SOURCE DATA ▸
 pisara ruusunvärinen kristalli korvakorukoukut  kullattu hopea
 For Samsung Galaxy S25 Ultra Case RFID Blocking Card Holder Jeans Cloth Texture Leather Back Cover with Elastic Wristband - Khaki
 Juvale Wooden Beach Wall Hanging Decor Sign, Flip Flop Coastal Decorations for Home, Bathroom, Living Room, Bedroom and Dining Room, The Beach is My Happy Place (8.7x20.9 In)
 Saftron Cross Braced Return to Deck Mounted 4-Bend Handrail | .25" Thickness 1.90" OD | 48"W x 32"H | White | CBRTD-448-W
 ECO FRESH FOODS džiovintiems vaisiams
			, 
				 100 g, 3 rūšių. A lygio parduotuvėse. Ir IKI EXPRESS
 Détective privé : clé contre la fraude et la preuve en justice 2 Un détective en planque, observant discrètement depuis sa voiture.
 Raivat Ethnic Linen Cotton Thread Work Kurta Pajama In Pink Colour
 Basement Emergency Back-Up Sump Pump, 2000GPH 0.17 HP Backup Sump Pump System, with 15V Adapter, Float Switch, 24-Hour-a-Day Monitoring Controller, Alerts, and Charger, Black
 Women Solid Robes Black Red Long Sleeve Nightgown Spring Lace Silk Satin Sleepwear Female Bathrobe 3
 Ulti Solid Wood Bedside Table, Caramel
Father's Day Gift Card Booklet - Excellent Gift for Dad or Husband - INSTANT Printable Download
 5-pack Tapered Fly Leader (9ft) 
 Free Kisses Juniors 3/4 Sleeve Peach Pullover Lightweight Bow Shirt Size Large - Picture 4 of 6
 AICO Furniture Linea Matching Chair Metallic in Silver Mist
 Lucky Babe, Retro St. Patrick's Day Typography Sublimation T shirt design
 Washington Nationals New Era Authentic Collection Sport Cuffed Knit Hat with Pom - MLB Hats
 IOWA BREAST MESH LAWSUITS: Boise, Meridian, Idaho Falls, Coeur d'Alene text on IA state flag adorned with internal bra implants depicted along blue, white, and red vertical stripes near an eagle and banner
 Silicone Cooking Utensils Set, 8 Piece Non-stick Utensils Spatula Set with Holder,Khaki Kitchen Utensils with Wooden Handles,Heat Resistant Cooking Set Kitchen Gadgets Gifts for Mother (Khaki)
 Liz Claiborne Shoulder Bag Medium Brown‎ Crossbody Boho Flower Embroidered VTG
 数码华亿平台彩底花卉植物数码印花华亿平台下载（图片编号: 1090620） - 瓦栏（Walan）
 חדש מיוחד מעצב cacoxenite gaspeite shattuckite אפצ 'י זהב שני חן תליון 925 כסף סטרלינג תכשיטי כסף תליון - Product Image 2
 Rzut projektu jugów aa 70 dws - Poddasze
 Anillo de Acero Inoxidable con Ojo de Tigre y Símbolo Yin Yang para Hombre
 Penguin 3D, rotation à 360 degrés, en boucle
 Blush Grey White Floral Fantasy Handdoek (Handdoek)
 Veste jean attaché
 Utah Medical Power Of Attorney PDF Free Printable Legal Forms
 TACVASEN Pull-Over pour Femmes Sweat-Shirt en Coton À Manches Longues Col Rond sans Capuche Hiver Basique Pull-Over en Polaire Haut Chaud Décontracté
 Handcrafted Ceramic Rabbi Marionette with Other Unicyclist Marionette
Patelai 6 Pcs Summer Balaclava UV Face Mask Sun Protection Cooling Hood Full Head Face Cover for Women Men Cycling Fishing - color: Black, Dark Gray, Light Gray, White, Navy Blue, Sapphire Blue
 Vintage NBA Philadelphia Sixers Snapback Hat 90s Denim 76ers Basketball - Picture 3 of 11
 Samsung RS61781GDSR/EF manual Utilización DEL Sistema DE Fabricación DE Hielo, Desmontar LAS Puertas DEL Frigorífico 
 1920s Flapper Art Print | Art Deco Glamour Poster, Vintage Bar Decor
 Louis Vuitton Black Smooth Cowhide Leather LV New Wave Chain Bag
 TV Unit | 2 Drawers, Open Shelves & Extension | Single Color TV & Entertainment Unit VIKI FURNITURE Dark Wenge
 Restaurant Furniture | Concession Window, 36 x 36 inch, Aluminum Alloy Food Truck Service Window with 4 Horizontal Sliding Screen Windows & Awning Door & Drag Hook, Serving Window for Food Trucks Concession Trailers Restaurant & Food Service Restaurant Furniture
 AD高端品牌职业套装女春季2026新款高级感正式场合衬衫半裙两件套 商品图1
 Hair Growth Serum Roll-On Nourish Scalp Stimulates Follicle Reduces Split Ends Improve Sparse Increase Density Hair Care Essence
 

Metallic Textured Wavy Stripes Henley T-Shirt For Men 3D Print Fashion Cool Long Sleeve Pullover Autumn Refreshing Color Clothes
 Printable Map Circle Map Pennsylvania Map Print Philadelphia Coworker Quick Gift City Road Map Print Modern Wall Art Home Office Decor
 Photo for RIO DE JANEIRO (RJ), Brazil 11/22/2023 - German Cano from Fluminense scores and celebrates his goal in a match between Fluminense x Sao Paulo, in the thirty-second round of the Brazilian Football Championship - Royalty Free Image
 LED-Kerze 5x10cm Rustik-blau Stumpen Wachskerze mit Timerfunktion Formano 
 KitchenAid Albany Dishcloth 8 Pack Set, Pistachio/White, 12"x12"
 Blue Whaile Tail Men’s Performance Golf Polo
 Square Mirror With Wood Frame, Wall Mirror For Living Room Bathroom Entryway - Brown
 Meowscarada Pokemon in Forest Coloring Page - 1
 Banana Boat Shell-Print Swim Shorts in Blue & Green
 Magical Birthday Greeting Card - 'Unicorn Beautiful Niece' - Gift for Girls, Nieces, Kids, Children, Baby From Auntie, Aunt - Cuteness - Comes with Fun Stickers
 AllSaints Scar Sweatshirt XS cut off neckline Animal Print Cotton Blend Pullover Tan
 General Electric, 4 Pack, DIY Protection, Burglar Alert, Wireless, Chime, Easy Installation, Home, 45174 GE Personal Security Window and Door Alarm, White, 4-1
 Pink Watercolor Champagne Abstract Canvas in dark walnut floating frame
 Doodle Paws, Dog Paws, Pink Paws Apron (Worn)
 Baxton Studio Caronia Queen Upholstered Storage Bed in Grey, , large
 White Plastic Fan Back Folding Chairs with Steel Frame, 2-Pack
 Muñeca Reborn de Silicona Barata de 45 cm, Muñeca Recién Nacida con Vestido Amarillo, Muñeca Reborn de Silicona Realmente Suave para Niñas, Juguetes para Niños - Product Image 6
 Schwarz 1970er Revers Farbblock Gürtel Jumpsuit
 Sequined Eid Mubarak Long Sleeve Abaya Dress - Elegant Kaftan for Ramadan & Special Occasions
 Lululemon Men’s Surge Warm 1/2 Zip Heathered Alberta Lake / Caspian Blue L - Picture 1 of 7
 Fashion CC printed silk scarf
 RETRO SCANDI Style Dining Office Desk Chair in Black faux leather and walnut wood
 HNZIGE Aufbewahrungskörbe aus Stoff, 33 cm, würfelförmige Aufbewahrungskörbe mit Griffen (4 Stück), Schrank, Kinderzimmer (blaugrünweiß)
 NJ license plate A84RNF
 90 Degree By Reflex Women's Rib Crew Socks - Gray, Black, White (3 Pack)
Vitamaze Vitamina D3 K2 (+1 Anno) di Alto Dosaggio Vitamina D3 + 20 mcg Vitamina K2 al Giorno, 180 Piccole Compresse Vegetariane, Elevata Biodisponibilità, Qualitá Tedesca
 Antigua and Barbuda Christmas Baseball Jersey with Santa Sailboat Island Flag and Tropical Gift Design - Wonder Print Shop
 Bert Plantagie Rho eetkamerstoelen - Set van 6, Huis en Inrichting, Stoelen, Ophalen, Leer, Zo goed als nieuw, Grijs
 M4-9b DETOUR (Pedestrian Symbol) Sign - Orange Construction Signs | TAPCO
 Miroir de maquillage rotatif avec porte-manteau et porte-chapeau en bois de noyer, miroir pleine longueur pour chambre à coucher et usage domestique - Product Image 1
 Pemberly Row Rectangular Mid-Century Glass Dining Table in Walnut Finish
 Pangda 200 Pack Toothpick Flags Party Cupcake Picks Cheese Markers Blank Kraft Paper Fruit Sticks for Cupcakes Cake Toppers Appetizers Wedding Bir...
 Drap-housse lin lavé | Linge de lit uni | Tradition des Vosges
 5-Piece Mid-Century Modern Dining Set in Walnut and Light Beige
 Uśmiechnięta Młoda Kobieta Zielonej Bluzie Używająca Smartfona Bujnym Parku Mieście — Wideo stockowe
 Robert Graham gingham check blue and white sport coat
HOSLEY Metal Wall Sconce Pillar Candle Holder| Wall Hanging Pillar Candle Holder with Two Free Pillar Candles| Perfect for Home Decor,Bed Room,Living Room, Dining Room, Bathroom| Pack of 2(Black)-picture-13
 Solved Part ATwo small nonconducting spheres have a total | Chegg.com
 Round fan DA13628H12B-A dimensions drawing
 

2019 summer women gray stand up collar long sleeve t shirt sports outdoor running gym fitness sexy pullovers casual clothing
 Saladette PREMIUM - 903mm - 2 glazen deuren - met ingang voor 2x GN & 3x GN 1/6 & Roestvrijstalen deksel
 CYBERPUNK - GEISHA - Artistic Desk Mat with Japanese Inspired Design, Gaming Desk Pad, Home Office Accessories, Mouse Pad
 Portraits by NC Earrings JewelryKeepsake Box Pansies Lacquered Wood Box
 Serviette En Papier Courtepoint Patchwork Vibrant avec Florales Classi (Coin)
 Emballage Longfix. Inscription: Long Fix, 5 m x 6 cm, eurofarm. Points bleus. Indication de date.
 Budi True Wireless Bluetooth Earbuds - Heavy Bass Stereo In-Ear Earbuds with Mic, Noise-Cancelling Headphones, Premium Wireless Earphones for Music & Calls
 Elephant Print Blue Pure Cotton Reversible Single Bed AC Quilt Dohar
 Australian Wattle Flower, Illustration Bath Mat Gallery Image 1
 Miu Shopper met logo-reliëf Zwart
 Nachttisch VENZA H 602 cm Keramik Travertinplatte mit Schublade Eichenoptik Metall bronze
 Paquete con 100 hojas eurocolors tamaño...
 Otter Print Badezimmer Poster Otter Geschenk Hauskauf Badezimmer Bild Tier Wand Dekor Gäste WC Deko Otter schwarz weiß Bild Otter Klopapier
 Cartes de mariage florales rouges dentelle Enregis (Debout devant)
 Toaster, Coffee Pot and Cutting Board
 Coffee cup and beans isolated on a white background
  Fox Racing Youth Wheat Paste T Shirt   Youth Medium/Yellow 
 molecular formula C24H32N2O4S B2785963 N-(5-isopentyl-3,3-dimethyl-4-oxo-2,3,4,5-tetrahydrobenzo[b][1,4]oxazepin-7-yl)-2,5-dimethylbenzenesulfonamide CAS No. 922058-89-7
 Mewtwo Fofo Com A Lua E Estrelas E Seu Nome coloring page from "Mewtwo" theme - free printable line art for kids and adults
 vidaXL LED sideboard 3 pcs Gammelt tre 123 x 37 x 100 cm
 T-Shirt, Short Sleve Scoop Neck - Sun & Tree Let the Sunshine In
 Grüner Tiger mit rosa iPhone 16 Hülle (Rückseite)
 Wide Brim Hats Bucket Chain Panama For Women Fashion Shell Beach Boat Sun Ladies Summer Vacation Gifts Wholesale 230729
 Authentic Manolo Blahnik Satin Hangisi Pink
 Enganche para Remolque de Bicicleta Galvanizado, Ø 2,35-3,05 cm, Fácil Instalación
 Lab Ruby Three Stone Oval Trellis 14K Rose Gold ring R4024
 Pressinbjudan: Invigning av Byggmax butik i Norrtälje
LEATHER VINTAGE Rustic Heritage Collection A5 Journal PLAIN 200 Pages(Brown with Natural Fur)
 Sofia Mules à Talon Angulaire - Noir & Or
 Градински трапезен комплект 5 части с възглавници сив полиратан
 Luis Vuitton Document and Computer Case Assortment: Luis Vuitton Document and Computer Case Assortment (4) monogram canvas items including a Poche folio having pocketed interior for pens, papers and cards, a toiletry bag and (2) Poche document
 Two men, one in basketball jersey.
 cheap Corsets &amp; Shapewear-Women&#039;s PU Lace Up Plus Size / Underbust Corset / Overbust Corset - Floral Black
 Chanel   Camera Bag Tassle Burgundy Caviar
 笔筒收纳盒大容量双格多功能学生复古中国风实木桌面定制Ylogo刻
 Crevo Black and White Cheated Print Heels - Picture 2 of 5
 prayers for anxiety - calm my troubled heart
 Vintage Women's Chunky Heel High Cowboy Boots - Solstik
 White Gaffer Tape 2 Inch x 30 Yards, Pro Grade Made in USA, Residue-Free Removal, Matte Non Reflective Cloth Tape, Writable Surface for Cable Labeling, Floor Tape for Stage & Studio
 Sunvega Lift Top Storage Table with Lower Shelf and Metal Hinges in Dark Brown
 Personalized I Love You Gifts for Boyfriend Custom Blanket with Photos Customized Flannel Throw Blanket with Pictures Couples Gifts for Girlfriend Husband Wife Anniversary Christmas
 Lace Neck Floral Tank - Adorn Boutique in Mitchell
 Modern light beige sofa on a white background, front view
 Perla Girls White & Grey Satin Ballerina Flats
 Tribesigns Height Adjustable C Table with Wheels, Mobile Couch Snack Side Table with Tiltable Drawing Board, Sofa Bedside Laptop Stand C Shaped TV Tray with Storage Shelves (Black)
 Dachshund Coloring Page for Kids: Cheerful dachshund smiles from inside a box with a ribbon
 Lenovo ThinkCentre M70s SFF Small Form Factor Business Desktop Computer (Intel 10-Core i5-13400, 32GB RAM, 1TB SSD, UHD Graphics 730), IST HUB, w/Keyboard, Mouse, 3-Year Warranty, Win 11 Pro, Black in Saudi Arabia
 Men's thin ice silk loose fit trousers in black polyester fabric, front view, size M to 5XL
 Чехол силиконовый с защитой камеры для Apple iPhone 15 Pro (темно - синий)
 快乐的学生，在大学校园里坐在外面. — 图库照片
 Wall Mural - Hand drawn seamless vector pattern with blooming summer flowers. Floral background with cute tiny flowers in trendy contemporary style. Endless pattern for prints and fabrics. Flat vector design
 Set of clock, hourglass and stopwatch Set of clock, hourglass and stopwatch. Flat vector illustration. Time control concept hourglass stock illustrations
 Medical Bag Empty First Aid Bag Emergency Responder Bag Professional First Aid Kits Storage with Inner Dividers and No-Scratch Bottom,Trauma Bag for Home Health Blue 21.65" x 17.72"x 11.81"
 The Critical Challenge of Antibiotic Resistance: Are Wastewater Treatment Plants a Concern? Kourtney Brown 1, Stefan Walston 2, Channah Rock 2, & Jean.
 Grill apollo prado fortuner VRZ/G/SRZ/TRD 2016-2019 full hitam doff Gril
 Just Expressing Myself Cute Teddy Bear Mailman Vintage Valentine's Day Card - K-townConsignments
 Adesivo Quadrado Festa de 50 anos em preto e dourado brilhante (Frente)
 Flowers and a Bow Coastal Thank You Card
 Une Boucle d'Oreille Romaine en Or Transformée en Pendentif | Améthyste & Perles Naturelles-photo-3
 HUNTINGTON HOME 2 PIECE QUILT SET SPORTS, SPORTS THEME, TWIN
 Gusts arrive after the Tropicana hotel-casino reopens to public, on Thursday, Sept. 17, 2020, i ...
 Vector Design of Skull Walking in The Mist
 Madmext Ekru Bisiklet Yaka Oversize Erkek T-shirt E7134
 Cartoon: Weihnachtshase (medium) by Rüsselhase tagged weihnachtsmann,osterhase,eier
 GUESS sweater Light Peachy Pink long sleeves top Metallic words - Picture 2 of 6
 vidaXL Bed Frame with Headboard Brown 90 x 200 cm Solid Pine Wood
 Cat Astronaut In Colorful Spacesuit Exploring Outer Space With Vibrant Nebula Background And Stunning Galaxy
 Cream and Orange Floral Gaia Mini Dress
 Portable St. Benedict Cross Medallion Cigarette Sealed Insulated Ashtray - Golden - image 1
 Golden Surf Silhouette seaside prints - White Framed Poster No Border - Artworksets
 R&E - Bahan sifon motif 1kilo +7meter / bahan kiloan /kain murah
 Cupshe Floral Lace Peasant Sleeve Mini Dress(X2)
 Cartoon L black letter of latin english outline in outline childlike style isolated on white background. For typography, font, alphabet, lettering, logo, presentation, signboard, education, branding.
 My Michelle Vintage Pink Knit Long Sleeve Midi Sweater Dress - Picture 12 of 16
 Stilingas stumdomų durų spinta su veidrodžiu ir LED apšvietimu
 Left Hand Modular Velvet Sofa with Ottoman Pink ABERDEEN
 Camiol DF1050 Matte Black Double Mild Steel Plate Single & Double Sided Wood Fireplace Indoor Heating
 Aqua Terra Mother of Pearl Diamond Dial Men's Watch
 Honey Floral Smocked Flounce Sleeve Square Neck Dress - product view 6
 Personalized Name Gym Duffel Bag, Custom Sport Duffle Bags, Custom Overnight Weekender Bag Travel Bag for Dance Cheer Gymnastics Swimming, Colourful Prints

WHAT IS REQUIRED ▸
Transcribe each line of the data above, unaltered, from the one where "General Electric, 4" appears to the one where "Fashion CC printed silk scarf" appears, inclusive of both.

ANSWER SECTION ▸
 General Electric, 4 Pack, DIY Protection, Burglar Alert, Wireless, Chime, Easy Installation, Home, 45174 GE Personal Security Window and Door Alarm, White, 4-1
 Pink Watercolor Champagne Abstract Canvas in dark walnut floating frame
 Doodle Paws, Dog Paws, Pink Paws Apron (Worn)
 Baxton Studio Caronia Queen Upholstered Storage Bed in Grey, , large
 White Plastic Fan Back Folding Chairs with Steel Frame, 2-Pack
 Muñeca Reborn de Silicona Barata de 45 cm, Muñeca Recién Nacida con Vestido Amarillo, Muñeca Reborn de Silicona Realmente Suave para Niñas, Juguetes para Niños - Product Image 6
 Schwarz 1970er Revers Farbblock Gürtel Jumpsuit
 Sequined Eid Mubarak Long Sleeve Abaya Dress - Elegant Kaftan for Ramadan & Special Occasions
 Lululemon Men’s Surge Warm 1/2 Zip Heathered Alberta Lake / Caspian Blue L - Picture 1 of 7
 Fashion CC printed silk scarf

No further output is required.